WILDE: We had an outline that for a while Joe wouldn’t show me. He kept saying, “Once you get here, we’ll figure it out based on who you guys are and what your relationship to each other is.” And this [sort of thing] had never come my way before because I don’t think anyone would’ve thought I was capable of it; I’m not sure what made Joe think that I could, but I’m so glad he did. Because I was familiar with Joe’s work and had seen Hannah Takes the Stairs and L.O.L., I was like, “Oh, we’re all going to live in a house, and no one’s going to get paid, and we’re going to eat together and live together and that sounds so fun and we’ll just like, roll out of bed and shoot a scene, or whatever happens, happens!” I’d say the biggest challenge was learning to really trust myself to say something that was not funny or smart or relevant and have it be totally fine.
GERWIG: When we made Hannah Takes the Stairs, and we all lived in a house together, there was this list by the door of things we needed, like, “eggs, milk” — and then finally someone put “script.” (Laughs.)
WILDE: I was panicking that we didn’t have a script. And then I heard that there was a secret script on set that Joe had and I was like, “There’s a script? We’ve got to find the script!” The funny thing is, people who know me watch the movie and they’re like, “Oh, it’s you! You’re just you!” And people who don’t know me are like, “You’re a great actor.” (Laughs.) But you being you is actually harder than it sounds.
Kathryn, a lot of people saw Anchorman and Step Brothers and began to think of you suddenly as a comedienne.
WILDE: My fiance [former SNL castmember Jason Sudeikis] calls her the Meryl Streep of comedy.
HAHN: Costumes, fake noses, fanny packs. (Laughs.)
But I would imagine it felt nice to be given the opportunity to do something different …

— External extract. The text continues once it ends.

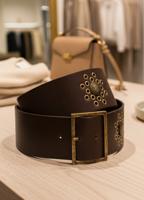 Женский кожаный широкий пояс в орнамент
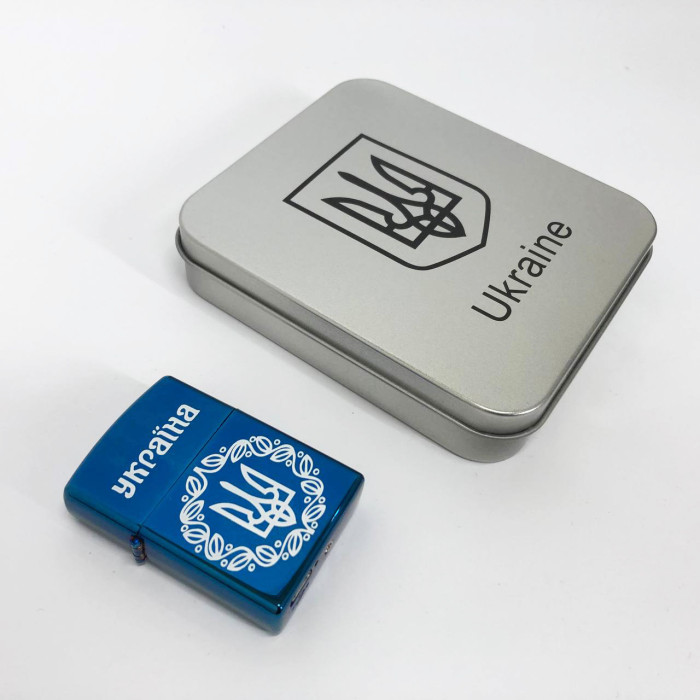 Дугова електроімпульсна запальничка USB металева коробка HL-447. Колір: синій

HAHN: I really didn’t come out here and start in this world of cameras until I was like 30. And it was always a small part in a big, huge studio machine. So I spent most of my 30s feeling like a guest on somebody else’s set. When I did that small part in Anchorman, that really cracked something open for me as an actor, not just in comedy. There was something so anarchic about it, something lawless and just so rock and roll about the way [co-writer/director Adam McKay] approaches comedy. There’s something about the comedy world. I can’t believe I’m invited to that party in any way. But there is something in [Afternoon Delight] that I always knew was in there. It was different. It revealed itself to be a little darker than we anticipated.
David, in The Butler you play someone who ages from 17 to 68. Was that daunting?
OYELOWO: No, it was the opposite, actually. I think initially Lee had conceived it as maybe two or even three actors doing it. I said to Lee, “Look, I want you to trust me with this. I think I can do it.” And he went, “Oh, OK? OK.” To the point whereby we were in New Orleans and we were doing camera tests to see if I could pass for 17 and all of that. And at the end of a day of camera tests, he goes, “David, you are lucky!” I said, “What? What?” “Because I had cast the young version of you and he is — I have got to go and make a phone call!” (Laughs.) It always takes me out for a moment when you go from a young version of someone to another actor playing them. And I just felt if we could do without it, then let’s give it a go.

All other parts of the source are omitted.